Paul Auster es un escritor estadounidense cuya obra explora con insistencia la delgada línea entre el azar y el destino, la identidad y su disolución. Nacido en Newark, Nueva Jersey, en 1947, Auster creció fascinado por la literatura y las historias que se desvían hacia lo inesperado, como si la vida misma fuera un conjunto de relatos fragmentados, un laberinto de coincidencias. Tras graduarse en Literatura Inglesa y Comparada por la Universidad de Columbia, pasó un tiempo en Francia, donde tradujo a autores como Mallarmé y Sartre, experiencias que dejaron una marca visible en su obra.

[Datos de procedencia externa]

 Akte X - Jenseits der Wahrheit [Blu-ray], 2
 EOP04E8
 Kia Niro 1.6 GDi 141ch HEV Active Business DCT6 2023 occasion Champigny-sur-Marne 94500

Su verdadero reconocimiento literario llegó con La Trilogía de Nueva York, donde combinó elementos del género detectivesco con la reflexión filosófica, sumergiendo al lector en un juego continuo de espejos y identidades cambiantes.
Brooklyn Follies, publicada en 2005, es la decimotercera novela de Paul Auster y se desarrolla, como indica su título, en el barrio de Brooklyn, entre los años 2000 y 2001. Auster la ha descrito como «un libro sobre la supervivencia», donde los lazos humanos y las pequeñas coincidencias son el motor de la redención y el cambio en la vida de sus personajes. El título, Follies, que se mantuvo sin traducir, proviene de la obra que el protagonista, Nathan Glass, está escribiendo: El libro del desvarío humano (The Book of Human Folly). Traducirlo como Desvaríos de Brooklyn habría capturado su significado, sí, pero también habría despojado al título de parte de su resonancia original, de esa ambigüedad que hace de Auster un autor siempre esquivo y sutil. Pero antes de adentrarnos en esta reseña, he aquí la sinopsis.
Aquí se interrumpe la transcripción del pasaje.